Lindberg continues his story, saying that several years after the Wennerstrom's Minos operation collapsed, Lindberg happened to be in Poland and discovered that Minos was never the factory that was represented on paper. Through conversations with locals in Lodz, the city near which the factory was built, Lindberg discovers that Minos rarely had enough materials to produce anything. Blomkvist is confused why Wennerstrom, a businessman for whom 60 million kronor was a meager sum, would attempt such an obvious fraud for such a small amount. Lindberg reminds him of what the financial world was like in the early 1990s, stating that interest rates were high so loans were hard to come by. Therefore, Wennerstrom saw the loan from the Swedish government as easy cash to finance his company. Lindberg ends his tale by inviting Blomkvist to use him as an anonymous source if he chooses to pursue an investigation into Wennerstrom's financial dealings.
Chapter 1 uses flashback to develop the character of the protagonist, Mikael Blomkvist, as well as to build on the theme of trust.
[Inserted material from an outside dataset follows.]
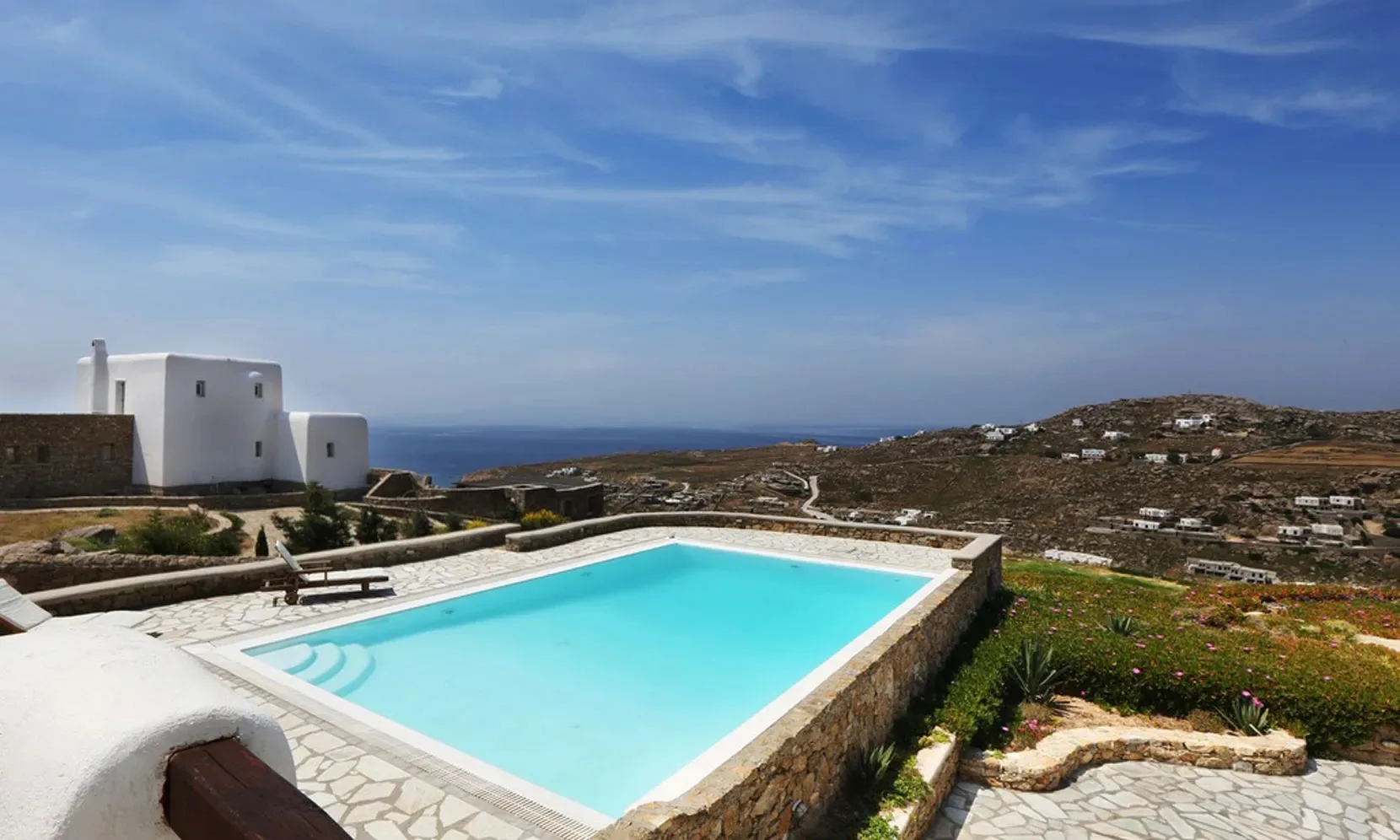 A swimming pool overlooks a coastal landscape with low hills and scattered buildings.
The author uses flashback to relate the challenges Blomkvist will face now that his libel trial has ended. Blomkvist's conversation with Lindberg reveals that the journalist is a curious person who is deeply interested in exposing corporate corruption. Using Lindberg as an anonymous source no doubt contributed to the libel case against Blomkvist, and the agreement raises the reader's curiosity about Lindberg and Blomkvist's relationship: Why was Blomkvist convicted of libel if Lindberg's story is true? This flashback engages the reader with these two characters and acts as a clue to how the Wennerstrom investigation ended up in the courts.
By employing a flashback in Chapter 1, Stieg Larsson prepares his readers for a plot that may not always follow chronological order. Jumping to different times and places creates narrative tension and allows for character development. For example, the flashback arises from Blomkvist's own questions about how he ended up in such a bad situation. Here, Blomkvist perceives his discussion with Lindberg to be the starting place for the whole mess. Through this flashback, Larsson is able to contrast Blomkvist's old self with his current self; clearly the ordeal he's been through has made him more critical of himself and his willingness to trust others.
Moreover, the issue of trust pervades Chapter 1. Trust first comes into play when Blomkvist contemplates how he's going to recover from his financial and career problems. He knows that key to continuing his journalistic career is regaining the trust of editors. Blomkvist is unsure how to rebuild the trust, especially since he now sees that his ability to trust himself has been called into question. The reporter is forced to question not only his own judgment, but also the motives of people such as Lindberg, whom he considered a trusted friend. Issues of trust will continue to surface as Blomkvist tries to return his life to some semblance of normalcy.